Your computer automatically trusts every device you plug into it. But every USB device is actually a small embedded computer that runs software you cannot control.
USB driver exploits work by sending malformed or unexpected input to your computer's USB drivers. Your computer likely has hundreds of USB device drivers installed, and a programming error in any one of them leaves you exposed.
The USG blocks these attacks by passing data through an internal serial link with a very simple protocol. Only a limited number of safe commands are accepted by the receiving microprocessor, so no malformed or unexpected data is transmitted to your computer. This effectively blocks USB driver exploits.
Previously, previously, previously, previously, previously, previously.
Neat! Now I can see what's on all these USB drives I keep finding in parking lots.
If, /// the OS had a fixed " " port, and the user's other uses of the port were blocked, or " let the OS reject and notify about any other types of device that appear." /// then would this port be a condom for the user installs? I bet a looky look would not cause much harm through this dongle though ...

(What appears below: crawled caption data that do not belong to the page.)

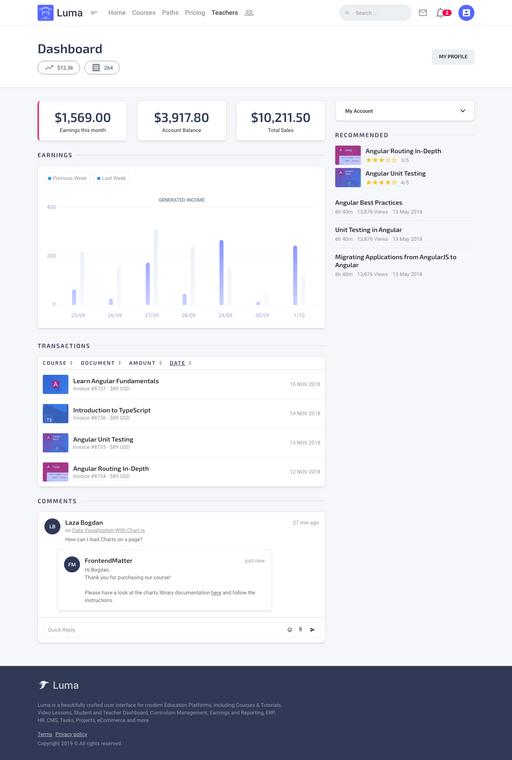 Instructor Dashboard 2 - Luma Bootstrap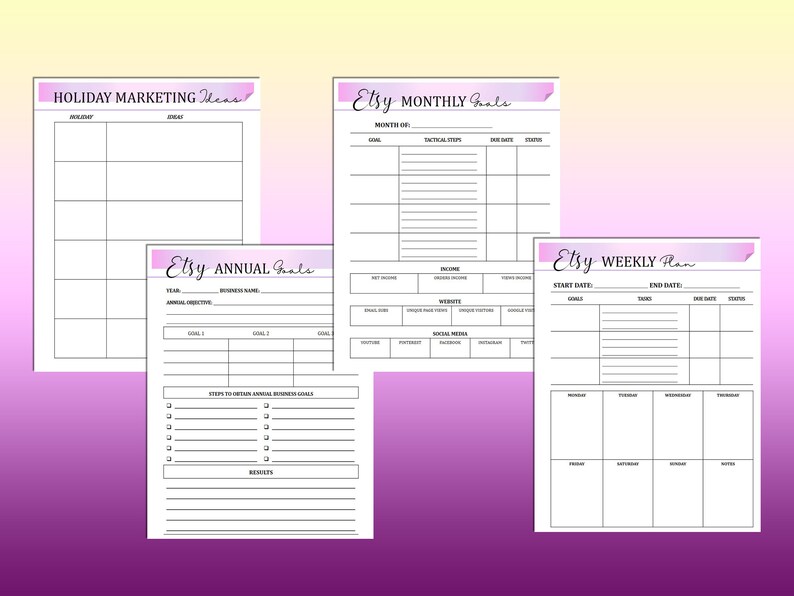 Etsy Shop Business Planner Printable Etsy Shop Planner Digital Etsy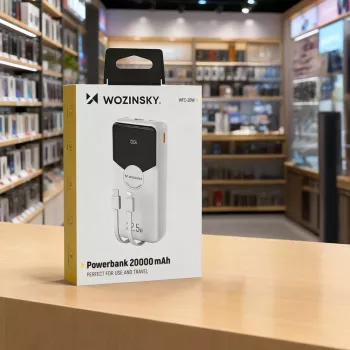 Powerbank Wozinsky WFC-15W 20000mAh 22.5W PD20W avec câbles Lightning et USB-C intégrés - Blanc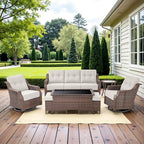 Belord Luxury 6-inch Thick Cushion Patio Furniture Set - Outdoor Swivel Rocker Glider Chairs Set of 4 with Glass Top Side Table, All-Weather Wicker Patio Conversation Set for Deck Balcony Sunroom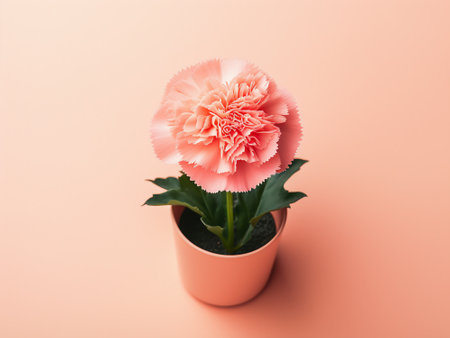 Pink carnation flower in a pot on a pastel pink backgroundの写真素材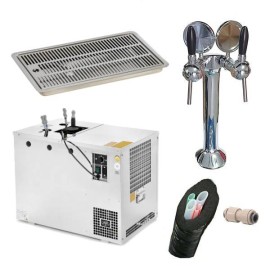 Pack preinstalado enfriador AS - 110 INOX Tropical NEW + columna con 2 grifos + bandeja encastrada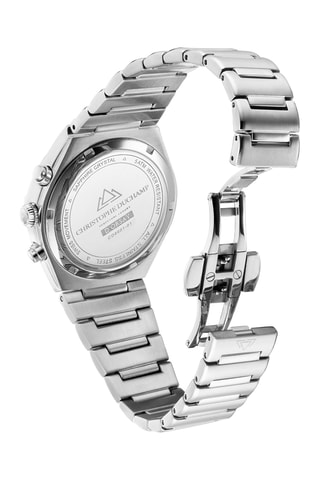 Montre à quartz en acier Swiss Made Ronda 5030.D - Argenté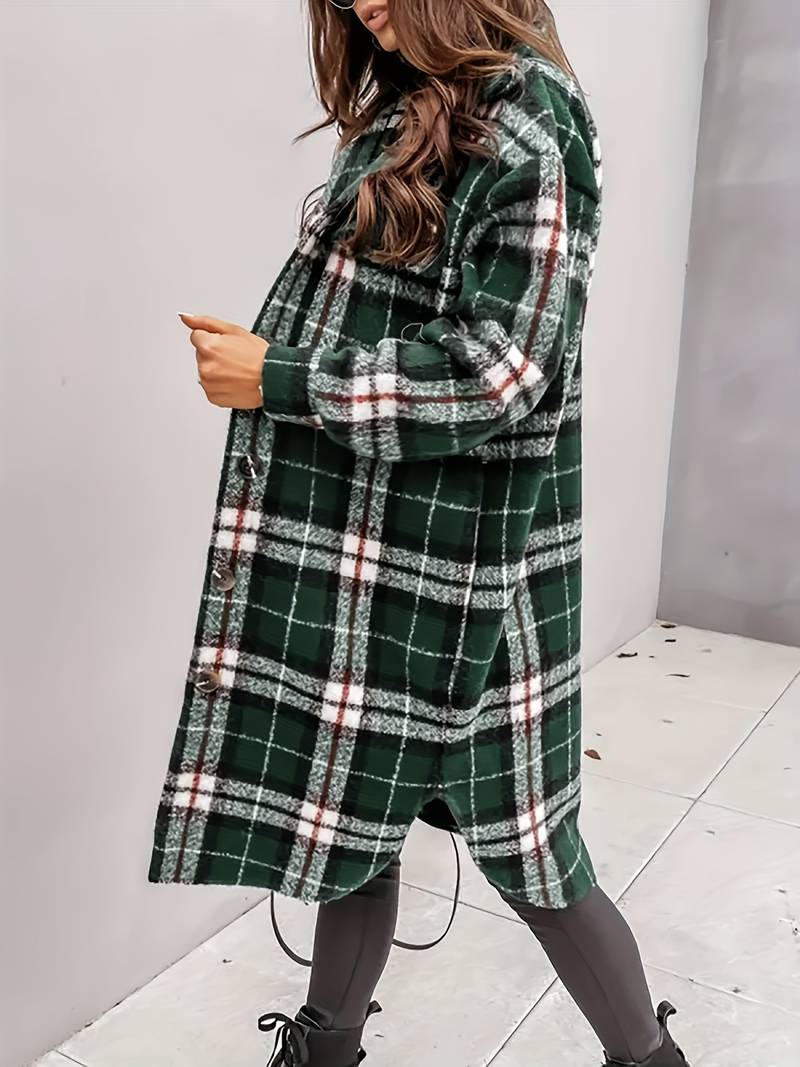Cappotto Lungo Donna in Tessuto a Quadri Vestibilità Confortevole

Alternatively... operating systems could easily let their users configure "I will only plug <generic mass storage devices|generic PTP devices> into this port", and let the OS reject and notify about any other types of device that appear. Perhaps even prompt about what type of device it is, and let the user say "OK, yes, I did plug that in and do want to use it".
Sure, people who don't actively do this won't benefit from the lockdown. But people who'd know and care about USB attacks enough to be aware that USG blocks exist are also the people who'd be willing to use such an OS feature if made available to them.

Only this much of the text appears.